Supplied data:
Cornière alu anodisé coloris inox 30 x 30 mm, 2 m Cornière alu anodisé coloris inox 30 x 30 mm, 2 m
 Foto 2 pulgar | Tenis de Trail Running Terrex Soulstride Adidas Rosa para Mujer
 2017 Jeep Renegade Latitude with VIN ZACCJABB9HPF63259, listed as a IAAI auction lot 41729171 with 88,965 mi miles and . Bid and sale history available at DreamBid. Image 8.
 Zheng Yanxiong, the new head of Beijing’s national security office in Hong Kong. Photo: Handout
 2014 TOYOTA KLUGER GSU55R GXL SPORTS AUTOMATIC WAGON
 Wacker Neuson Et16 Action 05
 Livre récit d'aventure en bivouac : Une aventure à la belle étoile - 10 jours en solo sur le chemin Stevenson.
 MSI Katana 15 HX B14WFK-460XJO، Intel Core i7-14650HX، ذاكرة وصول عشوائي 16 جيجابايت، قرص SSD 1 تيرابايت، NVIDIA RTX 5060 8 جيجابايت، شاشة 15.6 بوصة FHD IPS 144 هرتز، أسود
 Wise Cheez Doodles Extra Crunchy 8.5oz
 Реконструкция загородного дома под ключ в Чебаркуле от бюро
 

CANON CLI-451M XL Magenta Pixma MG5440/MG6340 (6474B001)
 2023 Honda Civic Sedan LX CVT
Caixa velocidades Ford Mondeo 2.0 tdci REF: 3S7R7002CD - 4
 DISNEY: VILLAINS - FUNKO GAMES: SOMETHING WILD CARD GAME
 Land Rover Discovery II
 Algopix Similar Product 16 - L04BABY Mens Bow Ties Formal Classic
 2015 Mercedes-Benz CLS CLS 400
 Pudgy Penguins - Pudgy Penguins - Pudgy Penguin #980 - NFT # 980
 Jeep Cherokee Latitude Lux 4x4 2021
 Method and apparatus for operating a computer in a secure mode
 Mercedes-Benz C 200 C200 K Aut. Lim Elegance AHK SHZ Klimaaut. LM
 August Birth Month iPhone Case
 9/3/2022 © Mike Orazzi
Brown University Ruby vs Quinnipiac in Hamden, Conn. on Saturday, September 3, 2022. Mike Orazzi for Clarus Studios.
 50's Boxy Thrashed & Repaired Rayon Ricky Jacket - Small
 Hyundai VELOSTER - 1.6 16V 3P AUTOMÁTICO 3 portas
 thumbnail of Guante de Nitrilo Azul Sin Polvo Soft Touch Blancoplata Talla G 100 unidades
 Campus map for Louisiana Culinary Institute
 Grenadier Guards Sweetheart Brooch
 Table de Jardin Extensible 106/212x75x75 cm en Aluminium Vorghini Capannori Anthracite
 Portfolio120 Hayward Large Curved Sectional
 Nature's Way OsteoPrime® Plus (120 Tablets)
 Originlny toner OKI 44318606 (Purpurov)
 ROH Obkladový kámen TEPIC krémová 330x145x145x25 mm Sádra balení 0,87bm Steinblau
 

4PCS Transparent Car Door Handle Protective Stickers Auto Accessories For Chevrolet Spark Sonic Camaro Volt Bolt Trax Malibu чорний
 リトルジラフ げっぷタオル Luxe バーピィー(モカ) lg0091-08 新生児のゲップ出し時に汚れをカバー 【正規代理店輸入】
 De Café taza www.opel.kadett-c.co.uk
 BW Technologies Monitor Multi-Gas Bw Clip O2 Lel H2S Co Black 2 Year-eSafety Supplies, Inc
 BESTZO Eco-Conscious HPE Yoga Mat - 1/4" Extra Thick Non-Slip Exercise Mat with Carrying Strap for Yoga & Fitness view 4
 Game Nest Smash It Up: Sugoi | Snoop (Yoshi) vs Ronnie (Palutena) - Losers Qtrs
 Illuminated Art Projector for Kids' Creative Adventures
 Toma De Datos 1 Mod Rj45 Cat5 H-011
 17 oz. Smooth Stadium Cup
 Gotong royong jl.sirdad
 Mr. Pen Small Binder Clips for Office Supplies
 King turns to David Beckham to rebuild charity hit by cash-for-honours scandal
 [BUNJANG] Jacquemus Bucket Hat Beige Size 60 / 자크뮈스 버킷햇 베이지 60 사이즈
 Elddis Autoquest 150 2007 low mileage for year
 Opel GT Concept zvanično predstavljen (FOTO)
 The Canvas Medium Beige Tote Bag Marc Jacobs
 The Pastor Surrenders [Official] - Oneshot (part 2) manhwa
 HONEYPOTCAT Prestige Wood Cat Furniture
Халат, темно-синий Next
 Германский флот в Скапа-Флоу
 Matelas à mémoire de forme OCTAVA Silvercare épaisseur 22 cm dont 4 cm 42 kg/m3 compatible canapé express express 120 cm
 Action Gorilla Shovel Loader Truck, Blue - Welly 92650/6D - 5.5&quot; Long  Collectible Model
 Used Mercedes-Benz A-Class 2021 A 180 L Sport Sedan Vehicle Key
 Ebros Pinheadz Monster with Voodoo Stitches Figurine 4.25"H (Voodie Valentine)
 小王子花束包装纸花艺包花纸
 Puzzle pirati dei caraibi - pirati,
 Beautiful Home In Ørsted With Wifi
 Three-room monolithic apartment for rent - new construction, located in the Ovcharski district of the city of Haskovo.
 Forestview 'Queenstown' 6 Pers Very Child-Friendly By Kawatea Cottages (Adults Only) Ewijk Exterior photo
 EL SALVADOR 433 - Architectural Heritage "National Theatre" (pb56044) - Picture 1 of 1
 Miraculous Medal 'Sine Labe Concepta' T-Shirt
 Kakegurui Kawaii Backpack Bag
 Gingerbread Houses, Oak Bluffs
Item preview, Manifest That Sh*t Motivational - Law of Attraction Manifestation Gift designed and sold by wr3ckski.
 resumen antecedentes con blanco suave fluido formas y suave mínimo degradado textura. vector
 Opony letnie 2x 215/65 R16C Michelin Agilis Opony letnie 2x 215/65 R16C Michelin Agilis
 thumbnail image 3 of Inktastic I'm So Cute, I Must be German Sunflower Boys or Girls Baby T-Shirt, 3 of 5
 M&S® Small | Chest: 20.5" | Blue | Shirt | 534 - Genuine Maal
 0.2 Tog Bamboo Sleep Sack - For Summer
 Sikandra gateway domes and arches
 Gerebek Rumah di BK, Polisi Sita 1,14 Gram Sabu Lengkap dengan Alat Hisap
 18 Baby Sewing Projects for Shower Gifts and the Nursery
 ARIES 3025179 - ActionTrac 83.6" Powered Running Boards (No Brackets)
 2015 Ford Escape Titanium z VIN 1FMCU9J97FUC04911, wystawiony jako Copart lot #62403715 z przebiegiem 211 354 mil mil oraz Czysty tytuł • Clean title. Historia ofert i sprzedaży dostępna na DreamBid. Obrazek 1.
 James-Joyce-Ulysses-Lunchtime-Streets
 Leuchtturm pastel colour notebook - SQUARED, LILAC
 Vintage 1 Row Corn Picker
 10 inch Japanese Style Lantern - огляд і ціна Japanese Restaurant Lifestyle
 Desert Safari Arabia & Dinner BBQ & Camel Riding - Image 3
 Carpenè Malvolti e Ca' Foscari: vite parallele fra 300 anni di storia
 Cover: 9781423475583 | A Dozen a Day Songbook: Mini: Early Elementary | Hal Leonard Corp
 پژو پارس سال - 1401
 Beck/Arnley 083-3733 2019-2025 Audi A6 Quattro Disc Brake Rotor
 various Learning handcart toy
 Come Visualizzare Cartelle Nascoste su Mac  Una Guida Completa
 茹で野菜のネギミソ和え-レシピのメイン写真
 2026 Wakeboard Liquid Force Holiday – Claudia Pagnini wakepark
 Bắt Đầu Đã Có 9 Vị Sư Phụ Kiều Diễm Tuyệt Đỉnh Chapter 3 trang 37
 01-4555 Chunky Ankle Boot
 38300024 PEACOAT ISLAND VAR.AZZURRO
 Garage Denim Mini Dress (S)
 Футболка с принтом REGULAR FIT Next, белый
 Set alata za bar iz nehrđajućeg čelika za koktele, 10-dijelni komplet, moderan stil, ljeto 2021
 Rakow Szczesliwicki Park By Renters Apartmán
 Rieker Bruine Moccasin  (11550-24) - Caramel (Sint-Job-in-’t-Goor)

Task item: Give back, exactly as written, the stretch from the line with "Hyundai VELOSTER - 1.6" through the line with "Action Gorilla Shovel", and no other lines from the records above.

Result:
 Hyundai VELOSTER - 1.6 16V 3P AUTOMÁTICO 3 portas
 thumbnail of Guante de Nitrilo Azul Sin Polvo Soft Touch Blancoplata Talla G 100 unidades
 Campus map for Louisiana Culinary Institute
 Grenadier Guards Sweetheart Brooch
 Table de Jardin Extensible 106/212x75x75 cm en Aluminium Vorghini Capannori Anthracite
 Portfolio120 Hayward Large Curved Sectional
 Nature's Way OsteoPrime® Plus (120 Tablets)
 Originlny toner OKI 44318606 (Purpurov)
 ROH Obkladový kámen TEPIC krémová 330x145x145x25 mm Sádra balení 0,87bm Steinblau
 

4PCS Transparent Car Door Handle Protective Stickers Auto Accessories For Chevrolet Spark Sonic Camaro Volt Bolt Trax Malibu чорний
 リトルジラフ げっぷタオル Luxe バーピィー(モカ) lg0091-08 新生児のゲップ出し時に汚れをカバー 【正規代理店輸入】
 De Café taza www.opel.kadett-c.co.uk
 BW Technologies Monitor Multi-Gas Bw Clip O2 Lel H2S Co Black 2 Year-eSafety Supplies, Inc
 BESTZO Eco-Conscious HPE Yoga Mat - 1/4" Extra Thick Non-Slip Exercise Mat with Carrying Strap for Yoga & Fitness view 4
 Game Nest Smash It Up: Sugoi | Snoop (Yoshi) vs Ronnie (Palutena) - Losers Qtrs
 Illuminated Art Projector for Kids' Creative Adventures
 Toma De Datos 1 Mod Rj45 Cat5 H-011
 17 oz. Smooth Stadium Cup
 Gotong royong jl.sirdad
 Mr. Pen Small Binder Clips for Office Supplies
 King turns to David Beckham to rebuild charity hit by cash-for-honours scandal
 [BUNJANG] Jacquemus Bucket Hat Beige Size 60 / 자크뮈스 버킷햇 베이지 60 사이즈
 Elddis Autoquest 150 2007 low mileage for year
 Opel GT Concept zvanično predstavljen (FOTO)
 The Canvas Medium Beige Tote Bag Marc Jacobs
 The Pastor Surrenders [Official] - Oneshot (part 2) manhwa
 HONEYPOTCAT Prestige Wood Cat Furniture
Халат, темно-синий Next
 Германский флот в Скапа-Флоу
 Matelas à mémoire de forme OCTAVA Silvercare épaisseur 22 cm dont 4 cm 42 kg/m3 compatible canapé express express 120 cm
 Action Gorilla Shovel Loader Truck, Blue - Welly 92650/6D - 5.5&quot; Long  Collectible Model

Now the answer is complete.